The concept that plaque temperature is a marker of local inflammation was originally proposed by Casscells et al. in 1996 (Figure 1) (Casscells, et al., 1996). This was the first study demonstrating that heat is generated from inflamed atheromatous plaques in humans. In this study, carotid artery samples obtained by endarterectomy were probed with a thermistor (24-gauge needle tip; accuracy 0.1 °C; time contrast 0.15s). Plaques showed several regions in which the surface temperatures varied reproducibly by 0.2–0.3°C. Points with substantially different temperatures could not be distinguished from one another by the naked eye and were sometimes very close to one another (< 1mm apart).
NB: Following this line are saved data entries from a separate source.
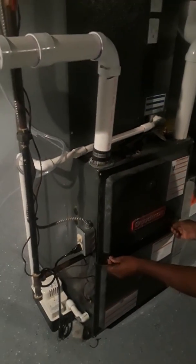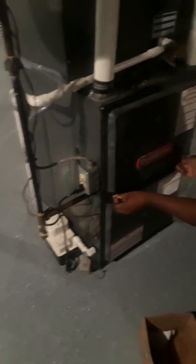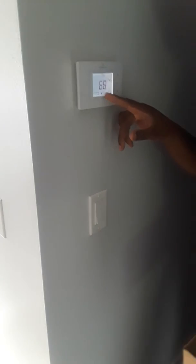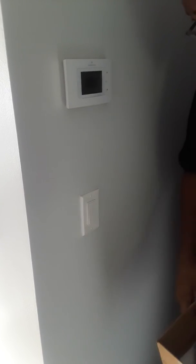I'm going to stop the video until I get upstairs so that you can see the AC unit working. He's setting the thermostat — AC, set to cool right here. And it's set at 45. It's currently 68 degrees in the house.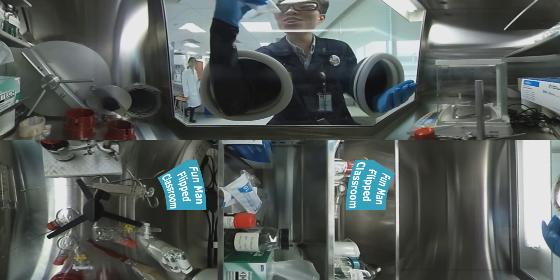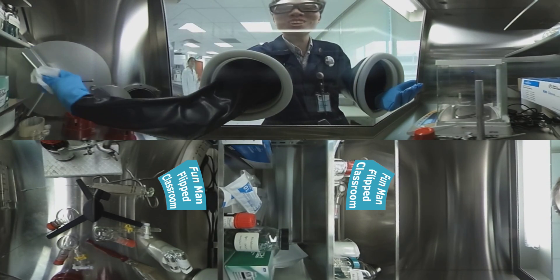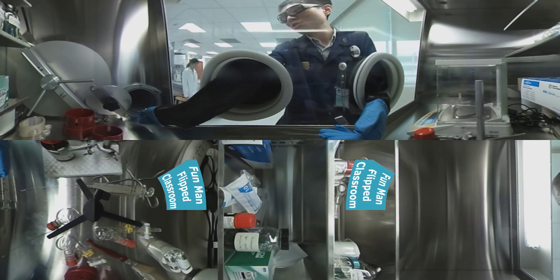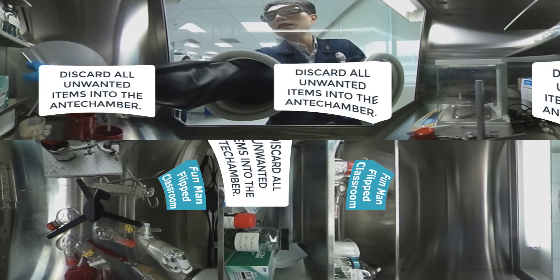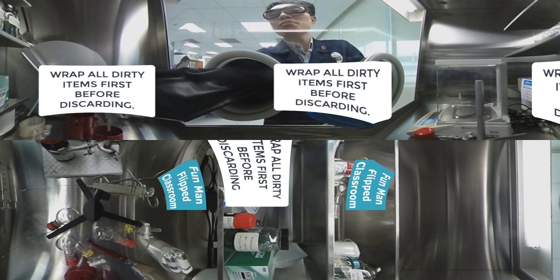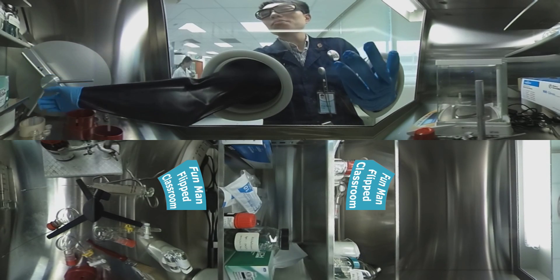Oops — I forgot I'm wearing gloves in a glove box! I can't touch my face. That kimwipe is wasted now, but my face is still itchy. Let's wrap things up here. Now we're going to discard the waste inside the anti-chamber. If the materials are dirty, wrap them up first.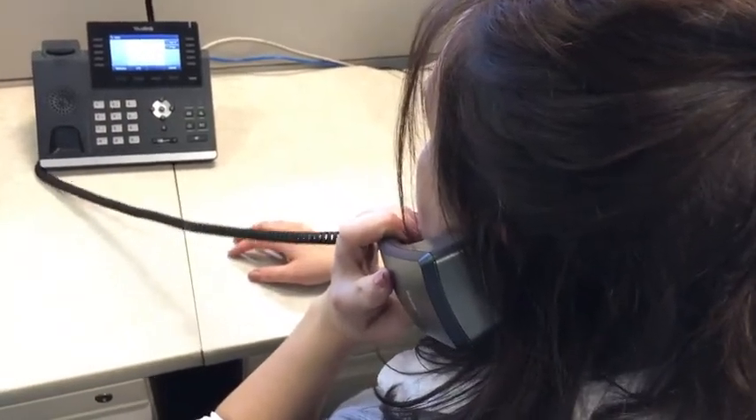Code Blue, Code Blue, Room 235. The button is easy to install — simply connect a standard network cable to provide power and operate the device through the network.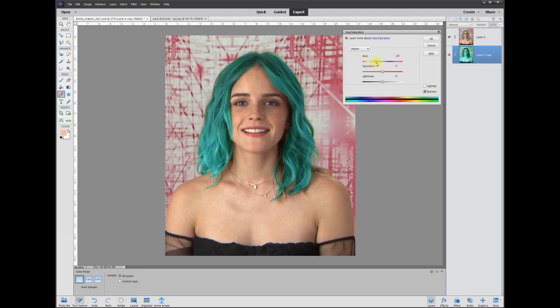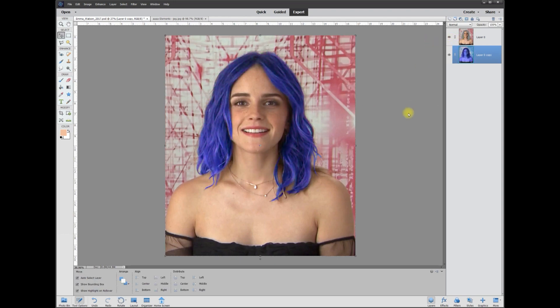That's pretty much all there is to it. Once you find a color you like, take the Saturation and bring it down so it looks more natural, or totally blow it out so it's fluorescent. Anyway, this is Rich — calling it quits for this tutorial, over and out.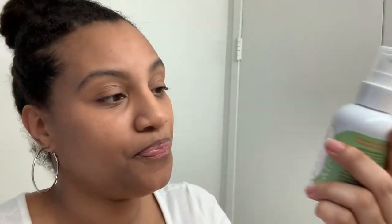I am using Earth Mama Baby Calendula Baby Oil and my mom sent me this. It's completely organic. It's for infant massage, dry skin and scalp — no petroleum, mineral oil, parabens, or artificial fragrances. She got it off Amazon from the recommendation of my sister, who knows all about the organic stuff.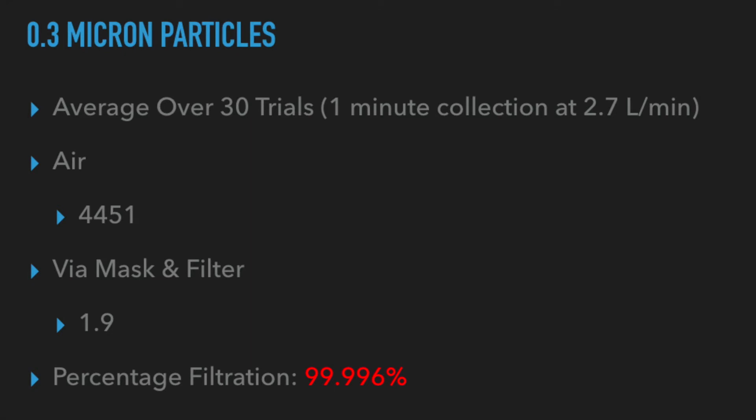Just like in our other tests, we ran the test 30 times for the ambient air and 30 times for the mask and filter. Each trial was run for one minute at around 2.7 liters per minute being pulled through the particle counter. We averaged 4,451 particles for the air and 1.9 particles for the mask and filter.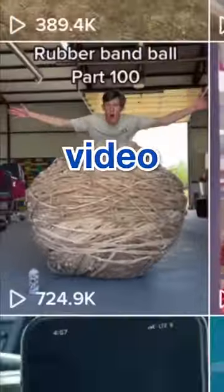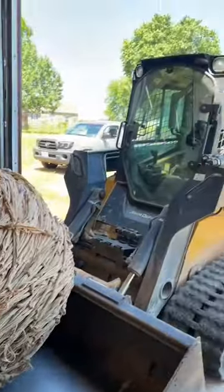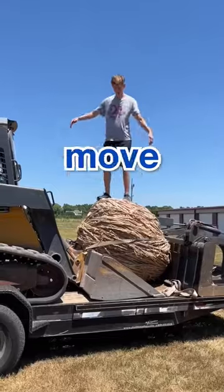It's been a minute since I made a rubber band ball video and a lot of you have been wondering where it was. It's been here in my garage, and I bet you're wondering why. It all started when I had to move it out of my warehouse — that was a big process because it's 1700 pounds and requires heavy machinery and a big trailer to move it.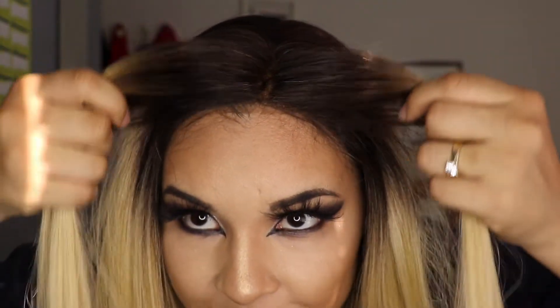You can see my baby hairs at the moment, but she does come with her own baby hairs. I haven't done anything to them — this is literally how she comes. The only thing I did was cut off the lace. I haven't touched her or straightened her at all. This is how straight she comes — I might go in and straighten her a bit more just to make her dead straight, but this is really nice.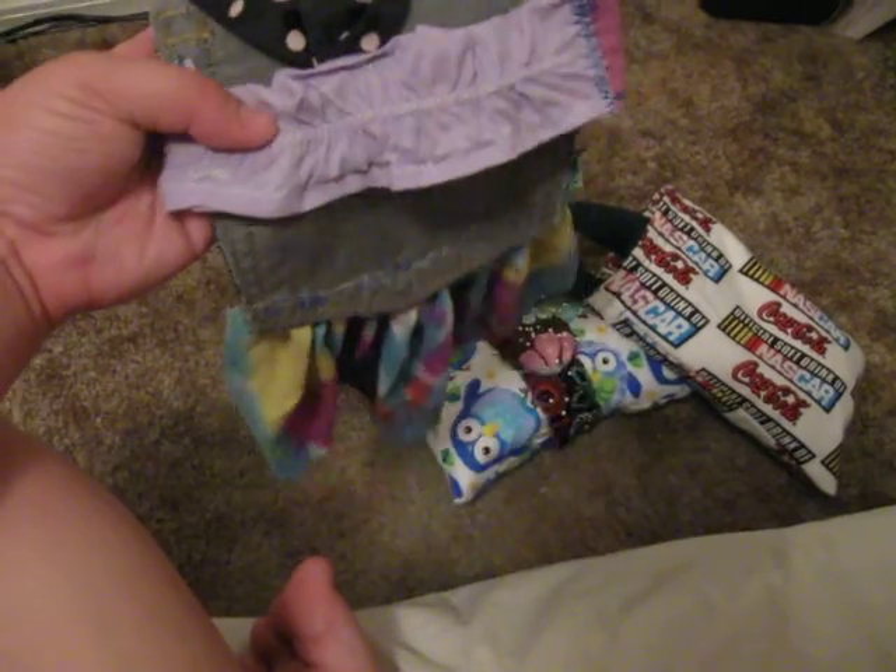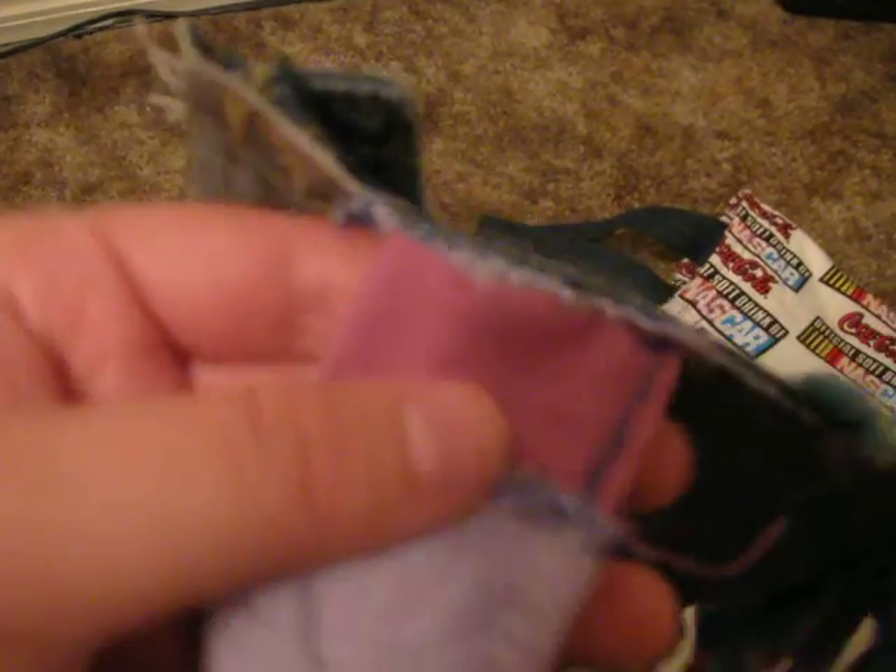That's for her neck. Here's where I had to undo it because it was too tight on her, so I got this right here. I'm very messy at sewing, but hey, I know it's sewing.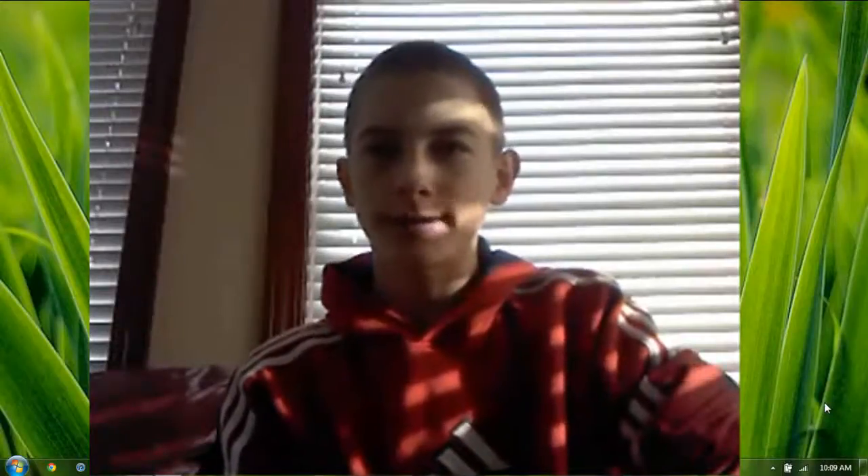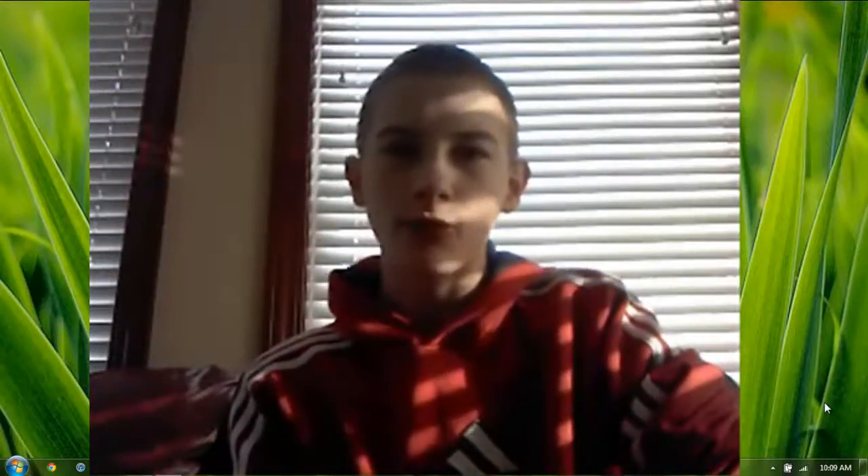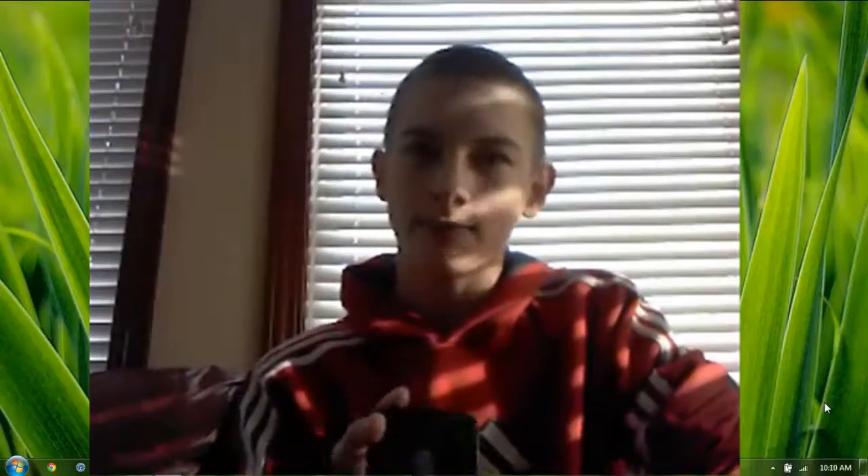Hello YouTube, it's Tyler Schulte again, and today I'm going to be showing you how to exit recovery mode.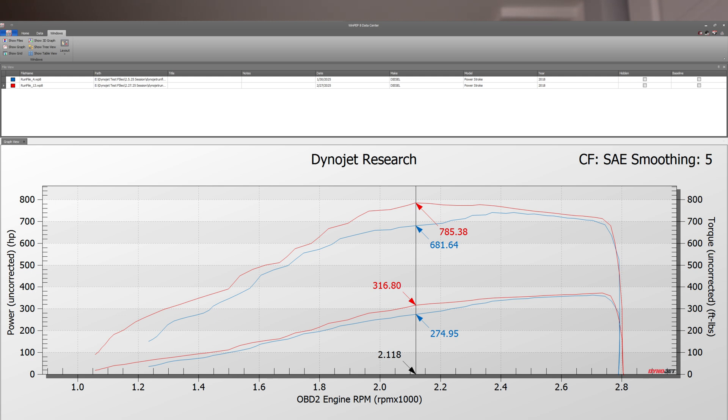I have switched my charts to the uncorrected horsepower. Boosted engines have an unfair advantage from a correction factor because they actually lose the least horsepower at elevation, and this video is being made in Denver — the dyno is in Denver.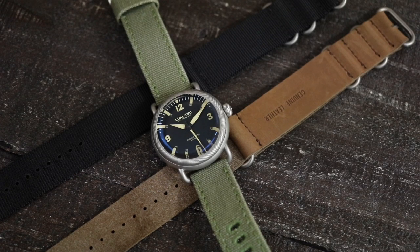Hey there everybody, today I have the Lumtec Combat Field X1, and the X1 refers to the X1 Super LumiNova that is being used on this model.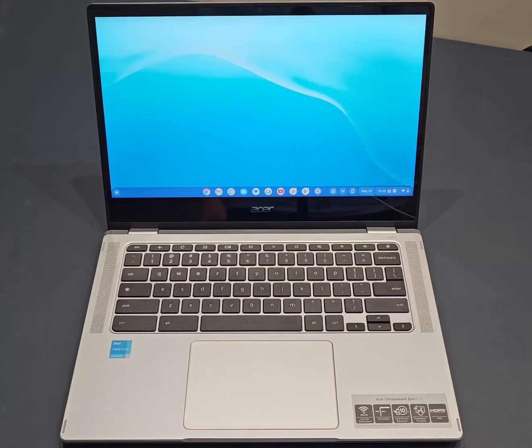Today we're reviewing the Acer Chromebook Spin 314. This is a relatively new Chromebook model, launched just recently, and overall I don't think I can recommend it. At the time of review it was $400, and for $400 you can actually get more powerful Chromebooks with better screens.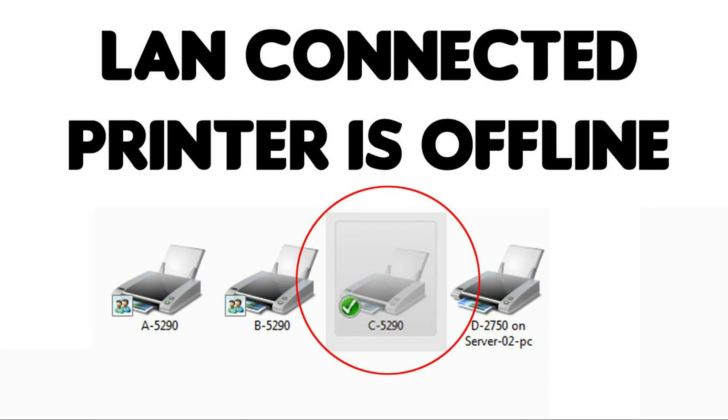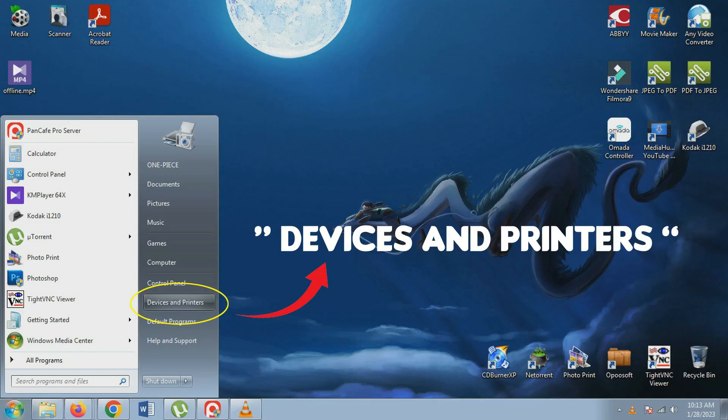Is your printer connected through a LAN cable and always offline after you restart your PC? To solve this issue, try this. To fix the issue,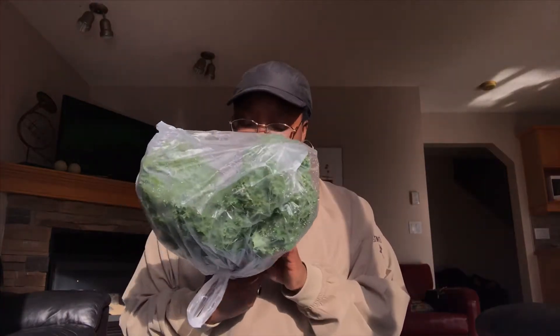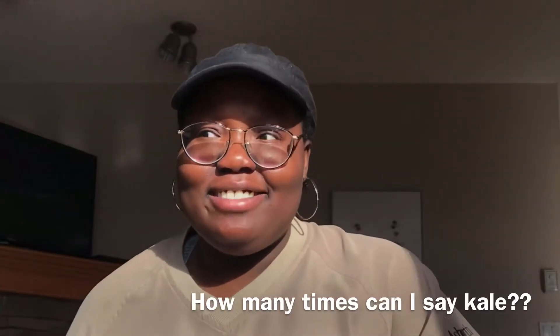Got some kale — just a head of kale, or a leaf of kale, I don't know — just kale.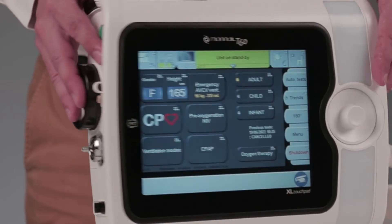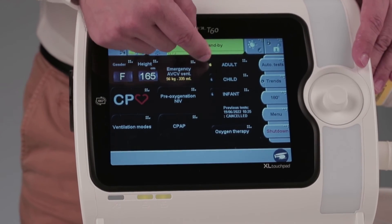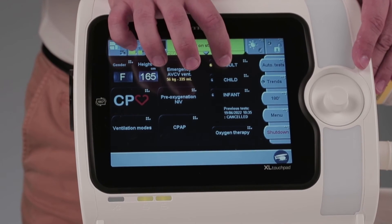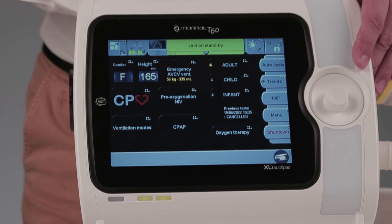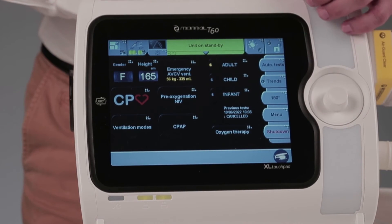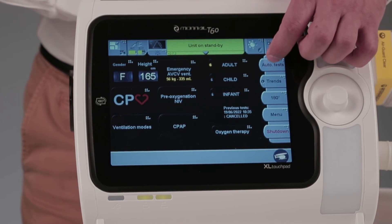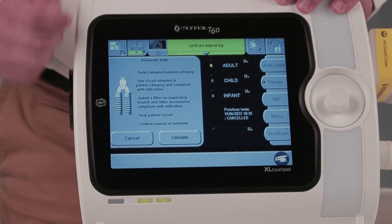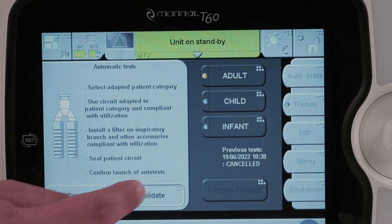Start the ventilator by pressing the on-off button. You can see three patient categories on the start screen. Let's select the adult category corresponding to the configuration setup. The autotest key is located in the upper right corner of the screen. The summary of the steps is displayed in the information window. Press validate to start the autotests.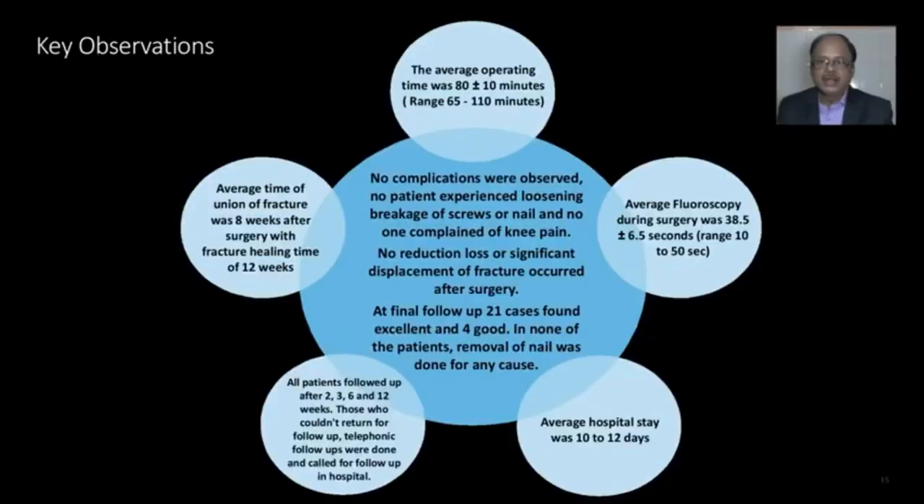Final observations: Operative time in this study was 80 ± 10 minutes, with a range of 65 to 110 minutes. Average fluoroscopy during surgery was 38.5 ± 6 seconds, with a range of 10 to 50 seconds. Average time of fracture union was 8 weeks after surgery, with full fracture healing time of 12 weeks.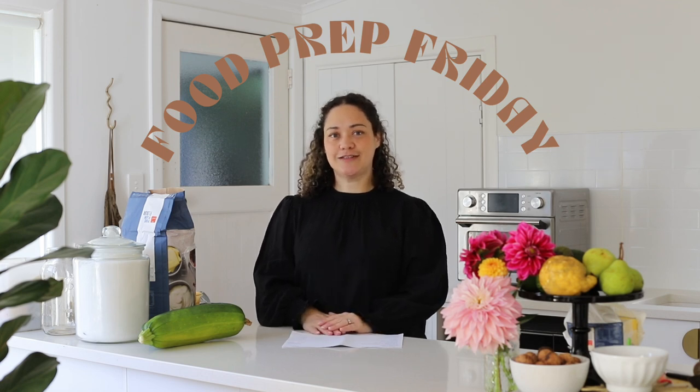Morning and welcome back to Food Prep Friday. I'm so excited — this is actually the fourth week I'm doing this. I'm just so blown away at how quickly it's gone and how much of a difference it has made to the ease of each day in our family's life and our food options.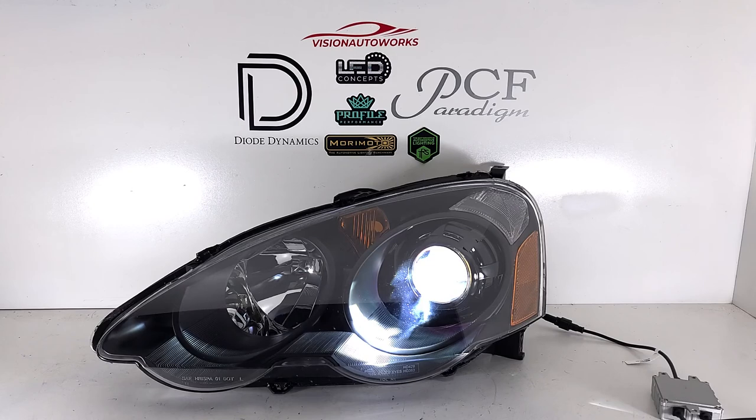We have a headlight package for this car and a lot of other cars as well at visionautoworks.com. If you don't see a package listed for your make or model, feel free to give us a call or send us an email for a quote. Our contact information is on our website at visionautoworks.com.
Temperature correlated positively with cell density (r = 0.68; p = 0.0001) and inversely with the distance of the cell clusters (mostly macrophages) from the luminal surface (r = –0.38; p= 0.000 (Figure 2) (Casscells, et al., 1996). The thermal heterogeneity observed could also be confirmed using an infrared camera in vivo. In order to assess the possible contribution of infection to generation of heat, the genus-specific monoclonal antibody CF-2 against Chlamydia pneumonia was used (Madjid, Naghavi, Malik, Litovsky, Willerson, & Casscells, 2002). However, no significant association between temperature heterogeneity and C Pneumonia was found. After incubation of hot plaques with indomethacin, a gradual decrease in plaque heat production over 5 hours was observed, suggesting an inflammatory origin of heat production in atherosclerotic plaques.

Figure 1.

Marked temperature heterogeneity was observed (in degrees Celsius) over the surface of endarterectomy samples from carotid plaques.